People understand, I think, that when you build up your group as an ‘us’, there’s a risk that you turn others into a ‘them’. But what’s far less remarked-upon is that creating an ‘us’ makes you a ‘them’ in the eyes of others. The relevance here is that faith schools may well take care to educate their students in the ways of other religions and cultures; they may well strive to produce liberal, tolerant, open-minded children; they may even take a minority of children from outside the religion, so that the students can live diversity rather than just being told about it. But however such an individual school is run, its existence automatically affects other schools nearby.

Say a Sikh school is set up in a town with a significant Sikh minority, most of whom then decide to send their children there. Now, the neighbouring schools suddenly become almost completely Sikh-free. How can the pupils at those schools help but feel segregated from these children who would otherwise have been their classmates? The town’s Sikh community will come to be viewed from the outside as just that: a different community, separated by choice.

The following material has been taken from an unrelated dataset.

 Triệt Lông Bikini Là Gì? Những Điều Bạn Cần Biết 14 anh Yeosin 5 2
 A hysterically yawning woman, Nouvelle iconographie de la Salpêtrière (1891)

They’ll become treated more and more as outsiders – a form of treatment that human nature will tend to reciprocate.

I think faith schools (state or private) are a bad thing, full stop – even if they gently promote rather than forcefully indoctrinate, even if they keep biology lessons based on science, even if they encourage pupils to find out about and respect other religions.

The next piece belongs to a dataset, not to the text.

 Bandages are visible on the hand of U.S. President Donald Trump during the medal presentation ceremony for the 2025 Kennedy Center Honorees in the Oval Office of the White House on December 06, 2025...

The idea that religious schooling is the best way to build communal spirit and inculcate good behaviour is really quite saddening. It shows a fundamental lack of faith in humanity: in our ability to accept and value each other without theological props, to build bonds of trust and respect without forming sectarian groups, to be, if you like, good for goodness’ sake.

2 comments:

Anonymous said...

Very good post. This 25% thing is a total distraction. It is the ownership of the school and the content of its teaching that matters. 25% or no 25% they will still be teaching creationism, dragging their heels on citizenship and all sorts of other nonsense. Besides if your local school is given away to a religious group, that they might just allow you into what was your local school under some quota scheme is a complete insult.

Tom Freeman said...

Thank you.

It does puzzle me: if the problem is that faith schools are contributing to the creation of closed minority groups, then it's a bit of a rum approach to address this by creating new sub-minorities (the 25%) within these, rather than genuinely building bridges and completely opening up.